Detzner's works are often hung between walls and the space. A surface protrudes out or forms an invisible geometric cube in the space. It reminds the viewer of the other universe parallel to the void. This is a discussion of the relationship between one space and another and a free shifting between concepts and visual illusions. Dieter Detzner is concerned with the way the world is delicately formulated, and how its instability and physicality are being expanded in a poetic sentiment. Dieter's works are full of design elements. The materials he applies are futuristic and minimalistic. Viewers associate his works to architecture, design and everyday objects. Yet they are so abstract. 

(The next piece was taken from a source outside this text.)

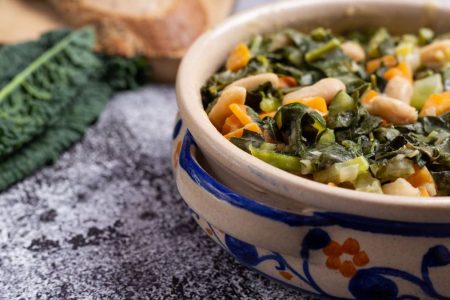 Na imagem, prato de comida com couve verde em cima de uma mesa cinza - Metrópoles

In this exhibition, he tries for the first time to combine space dimensions, shadows formed with light into the overall environment of the work and part of the recognition experience. The Series is composed of five works, Yves, Otto, Heinz, Guenther and Lucio. They are tetrahedral, hexahedral, octahedral, dodecahedral and icosahedral. Dieter was inspired by the polyhedral fascination of Plato. The artist tries to present a metaphor of certain truth or true knowledge through these polyhedrons. Light shoots on the works and forms shadows to remind us of the issue of truthfulness behind the facts. It is also implying the inquiries of Plato in his Allegory of the Cave: is the truth we see truth itself? The five works form an integrity of works to prophesize the interrelations between elements in the world. Elements and their shadows on the works formulate a comparison between existence and images. It provokes the thinking on the relationship between what we see and the truth. 

Dieter is enthusiastic and very good at simulating the mind activities of a thinker, he contemplates the very profound connotations of forms and status of works which is apparently stable and tranquil.